◆ AIM OF THE TASK ◆
The reply should hold only the lines from the one with "Bright, open living" to the one with "Kolkata, West Bengal, India", both ends kept, exactly as they appear below, without any pictures.

◆ DATA TO EXAMINE ◆
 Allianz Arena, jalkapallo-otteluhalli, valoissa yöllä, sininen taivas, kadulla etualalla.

---

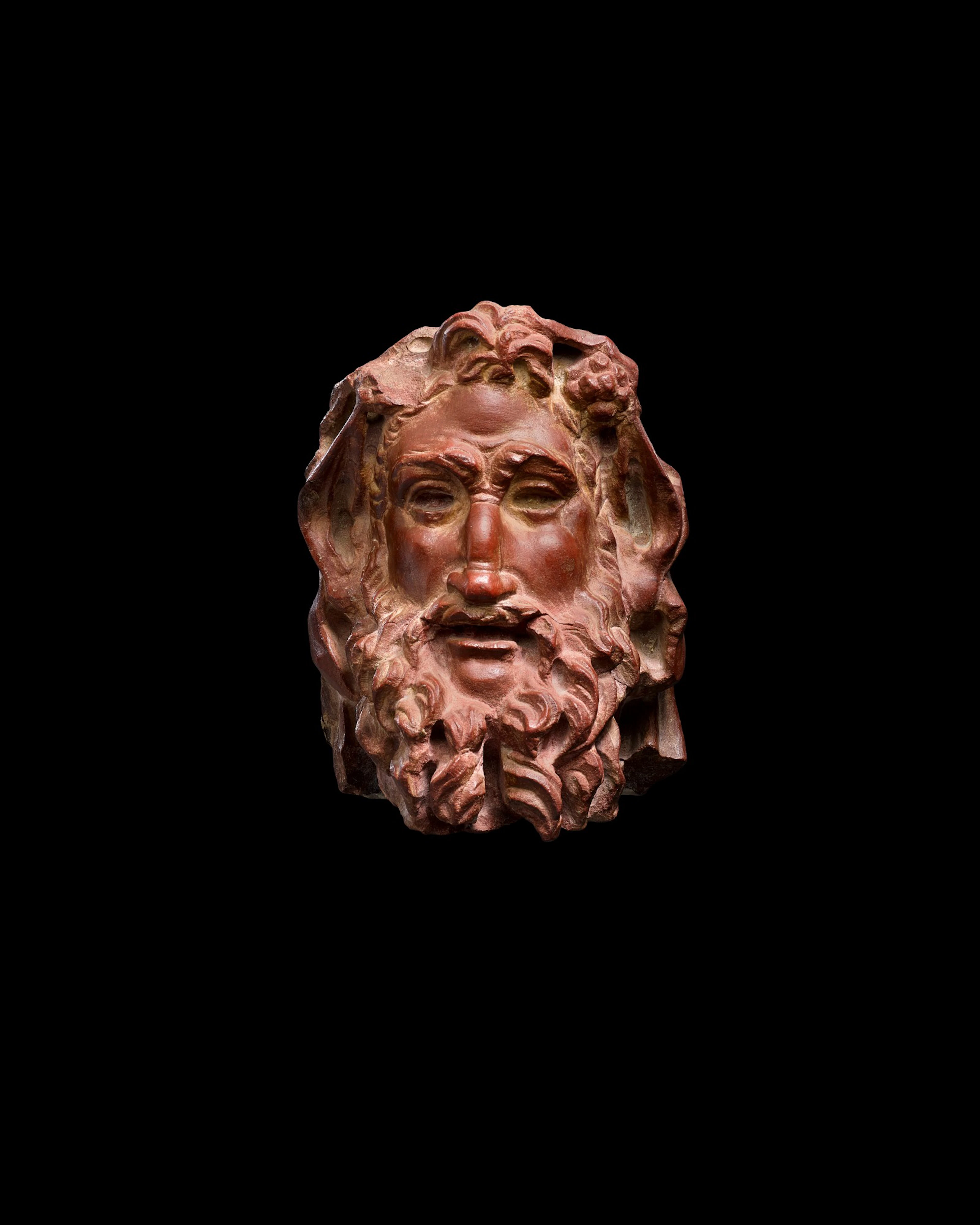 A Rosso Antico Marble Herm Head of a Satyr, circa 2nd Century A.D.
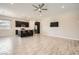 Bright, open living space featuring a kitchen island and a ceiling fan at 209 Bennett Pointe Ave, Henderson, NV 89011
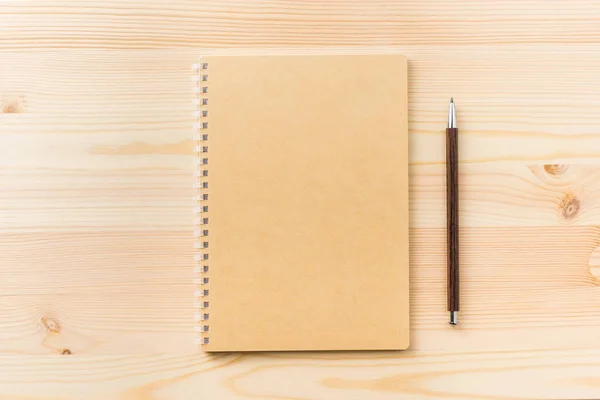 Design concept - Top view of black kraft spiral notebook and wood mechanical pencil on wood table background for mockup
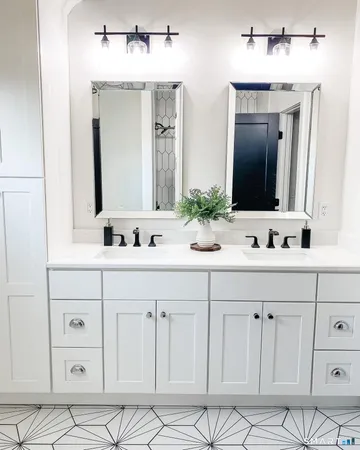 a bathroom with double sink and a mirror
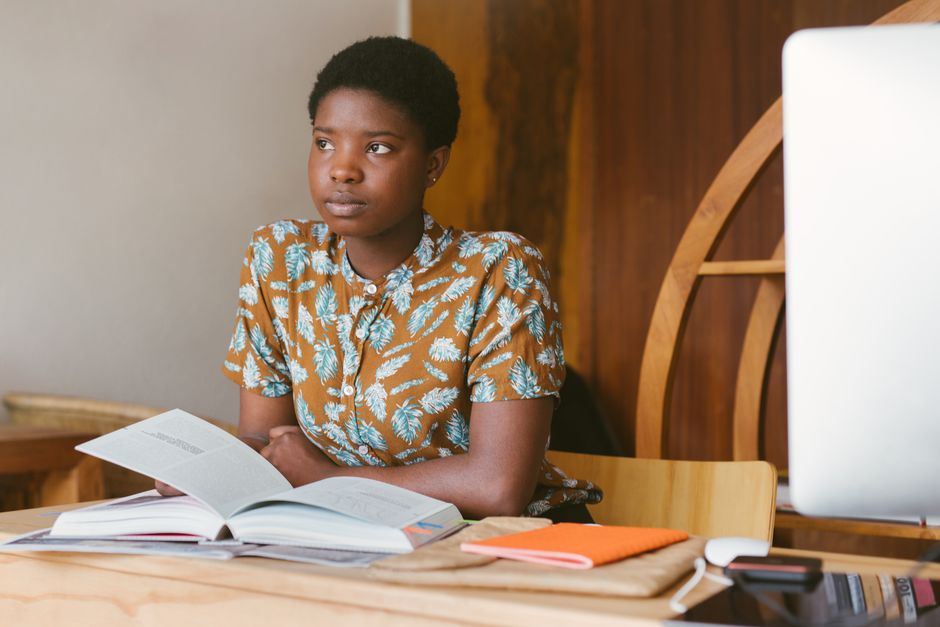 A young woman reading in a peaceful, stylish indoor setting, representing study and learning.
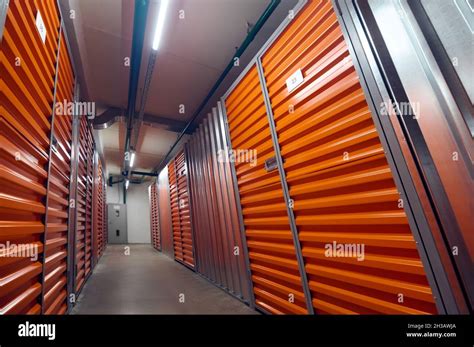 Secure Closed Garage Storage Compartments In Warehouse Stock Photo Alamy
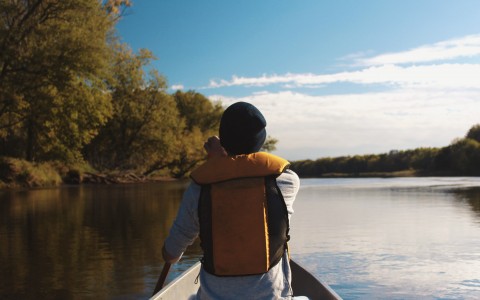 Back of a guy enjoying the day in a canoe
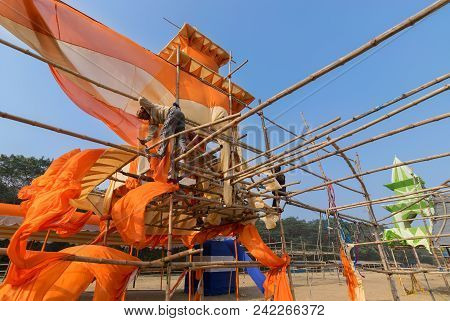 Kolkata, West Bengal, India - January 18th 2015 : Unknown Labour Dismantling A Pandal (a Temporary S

◆ RESPONSE AREA ◆
 Bright, open living space featuring a kitchen island and a ceiling fan at 209 Bennett Pointe Ave, Henderson, NV 89011
 Design concept - Top view of black kraft spiral notebook and wood mechanical pencil on wood table background for mockup
 a bathroom with double sink and a mirror
 A young woman reading in a peaceful, stylish indoor setting, representing study and learning.
 Secure Closed Garage Storage Compartments In Warehouse Stock Photo Alamy
 Back of a guy enjoying the day in a canoe
 Kolkata, West Bengal, India - January 18th 2015 : Unknown Labour Dismantling A Pandal (a Temporary S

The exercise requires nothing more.